[OUR CARS] 2001 Porsche Boxster 2.7
-
Owned by Mrs Bell (c/o phil.bell@bauermedia.co.uk)
-
Time owned 18 years
-
Latest/total miles 4683/200,595
-
Latest/total costs £29/£17,703
-
Previously Variocam chain tensioner collapse
Two milestones; one lost week. My wife’s Boxster tipped over the 200,000-mile threshold recently, more than 150,000 of them added in her 18 years with the car. How to celebrate – memorable road trip, re-watch the original promo video, treat the car to a nice shiny accessory or pro valet? All nice, but with winter approaching, we reckoned dealing with the rust blisters creeping round from inside the wheel-arch lips was more important. Porsches, maybe most cars from this period, seem to retain the rust-free looks of youth remarkably well, but eventually, even the most thoroughly-applied protection starts to fail.

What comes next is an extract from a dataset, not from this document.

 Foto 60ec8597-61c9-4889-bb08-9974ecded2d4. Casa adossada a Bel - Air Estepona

The brown death first appeared at the front edge of the sills where the factory anti-stonechip paint eventually succumbs to gritblasting from the tyres. Plastic wheelarch liners do a fine job of protecting most of the inner and outer front wings, but they don’t stop muck from reaching inside the return lips of the arches. At the rear, the offside wheelarch was perfect but the nearside had some bubbling paint next to where the plastic wind deflector mounts to the rear end of the sill.
Once I’d worked out how to jack up and support the car so the wheels and arch liners could be removed, the job should have been straightforward: bare-metalling then rust treatment, high-zinc priming, anti-stonechip, Arctic Silver, lacquer and lots of Waxoyl. Masking the Porsche seemed to take forever, but worth it to avoid that dodgy-secondhand-car repaint overspray look.

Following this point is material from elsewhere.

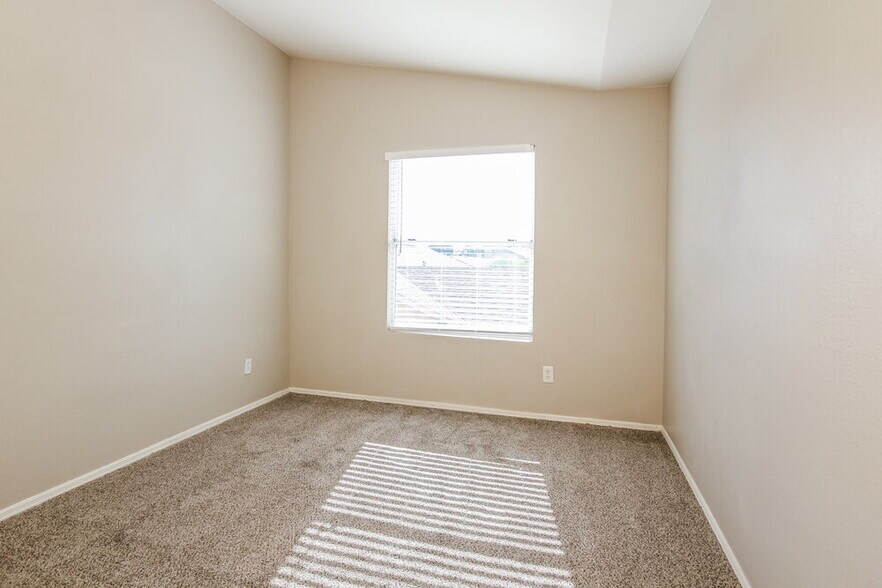 Building Photo - 8642 W Alvarado Rd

Note the term ‘should have’. While lying on my back exploring the extent of the wheelarch rust, I spotted an area of baggy-looking underbody sealant losing grip on a section of chassis where the front inner wing U-channel overlaps the one stiffening the footwell. Nervous prodding with a screwdriver revealed angry-looking rust beneath, some crusty and flaking. Forget wire brushing and rust treatment, this needed new metal.
Time to dust off my old angle grinding, repair-section forming and welding skills. From at least 15 years ago. The worst section would require a 140 x 80mm repair piece, with a 90-degree bend of just the right radius to follow the original shape. Hard going with 2mm-thick mild steel, and it took a couple of goes to get it right, but the results are neat enough. Mercifully, the rot hadn’t extended to the nearby suspension mount. With a couple of smaller repairs on the same side, and one on the nearside chassis section, my handiwork was ready for some seam sealer along the joins before the usual round of coatings and anti-rust wax.
If that makes it sound smooth and easy, it wasn’t. Spending a week on your back, bombarded with dust, rust, angle grinder sparks and red-hot welding spatter is gruelling. I won’t be taking up a career in car restoration any time soon, but it was hugely satisfying to give the otherwise rust-free Boxster a new lease of life.